Magical
Version New Class Review (class review 2)
BY:
ASTRI RAHAYU
Dasyat!!
Itu adalah kata yang ada dibenak saya saat ini. Membuat sebuah class
review yang bukan hanya menjadi ulasan kejadian pertemuan sebelumnya, tetapi
membuat sebuah ulasan yang harus jauh lebih banyak menjelaskan “Mengapa itu
semua terjadi dan tuangkan semua yang belum pernah dijelaskan?” Dan pastinya berkaitan dengan semua hal yang
dijelaskan oleh pelatih Writing kita, siapa lagi kalau bukan Mr.Lala Bumela
yang mulai mengharuskan kita semua berkolaborasi dengan yang lainnya seperti
dengan Lehtonen dan Hyland. Benar-benar sesuatu hal yang magic menciptakan
Class Review versi baru, yang pastinya cita rasa yang ada didalamnya
benar-benar sangat jauh berbeda dengan cita rasa class review sebelumnya.
“Big explanation from the writer more about what happen”. Dari statement tersebut, maka bisa kita simpulkan bahwa class review bukan hanya retell the last meeting, tetapi kita lebih banyak lagi apa yang terjadi dan memasukkan sesuatu yang baru didalamnya. Menciptakan taste yang benar-benar magic memang membutuhkan bahan-bahan yang magic pula. Saat ini, di pertemuan Writing yang kedua, 9th February 2014 adalah moment yang pas untuk mencoba menuangkan formula baru yaitu dengan berkolaborasi dengan Lehtonen dan Hyland di Class Review ini.
Di pertemuan kedua ini Mr.Lala menanyakan kepada saya dan teman-teman di kelas bahwa “Apa kalian mengerti apa yang berkaitan dengan teaching orientation?” kemudian kami semua menjawab, “Academic Writing”. Jadi, setiap pemain di dalam pertempuran writing ini harus mengerti apa itu Academic writing? Dan bagaimana sifat dan jenis-jenis Academic Writing? Sehingga akhirnya kita menemukan benang merahnya yaitu Critical Review. Kemudian kita juga harus mengerti definisi Critical Review serta bagian-bagian apa saja didalamnya. Seperti dijelaskan oleh Mr.Lala tentang jenis-jenis Class Review ada yang disebut Critical Reader dan Critical Reader.

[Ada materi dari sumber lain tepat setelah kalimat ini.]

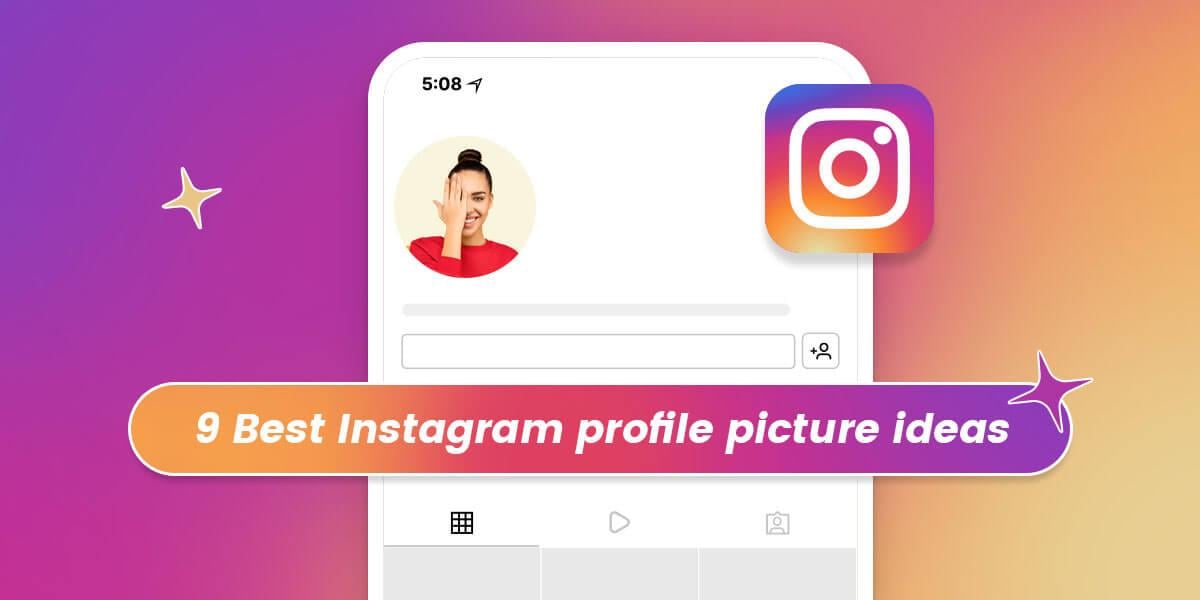 How to Make Attractive Instagram Profile Picture: Perfect Size & Design  Ideas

Sebelum saya menjelaskan masing-masing bagian yang terdapat di academic writing maka saya akan mengulas kembali bahwa academic writing itu bersifat formal, objective, systematic, analytical, dll. Academic Writing adalah essensial, penulisan harus kita lakukan di dalam program perkuliahan kita. Mungkin memiliki nama yang berbeda untuk assigments academic writing (esai, makalah, makalah penelitian, makalah, paper argumentatif / esai, analisis kertas / esai, kertas posisi), tapi semua assigments ini memiliki tujuan yang sama dan prinsip-prinsip. Selain itu academic writing memiliki sifat yang buruk yaitu bersifat kaku. Mengapa kaku? Itu karenakan academic writing harus sesuai dengan data yang sebenarnya terjadi di lapangan, tidak bisa kita mengarang isi tulisan itu semau kita.

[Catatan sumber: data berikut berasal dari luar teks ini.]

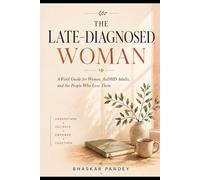 The Late-Diagnosed Woman: A Field Guide for Women, AuDHD Adults, and the People Who Love Them (Mind Recode Series)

Sebelumnya sempat saya ulas sedikit tentang critical review. Ternyata critical review mempunyai sifat yang magic yaitu sebagai parameter dasarnya academic writing. Hal ini membuat saya terheran-heran awalnya. Kemudian, Mr.Lala menjelaskan bahwa ketika kita membaca sebuah bacaan, kita tidak boleh langsung memakan semua isi bacaan yang dibaca karena mungkin ada beberapa hal yang tidak benar atau tidak sesuai fakta di lapangan.
“You will not free take”, sepertinya kita harus berhati-hati ketika kita membaca dan menganalisis sebuah bacaan. Itulah fungsi sebuah critical review dibutuhkan ketika kita melahap sebuah bacaan. kita tidak hanya membaca saja, tetapi kita harus melihat background dari isi bacaan tersebut. Kita harus membangun kemampuan untuk researching, evaluating information, organizing, arguing, responding to others arguments, analyzing dan expressing yourself clearly in writing. Langkah-langkah itu yang harus selalu kita ingat ketika membaca academic writing.
Nah, bagaimana caranya kita bisa mendapatkan background dalam suatu bacaan? Kita harus meneliti terlebih dahulu bacaan tersebut, yaitu melalui “Research”. Research diperlukan karena dengan research kita bisa mengetahui dengan jelas bukan hanya background, tetapi juga dengan informasi-informasi yang kita dapatkan di dalam bacaan yang kita baca, contohnya sebuah buku. Kemudian, kita bandingkan dengan informasi-informasi lain di luar bacaan yang kita baca seperti informasi di internet.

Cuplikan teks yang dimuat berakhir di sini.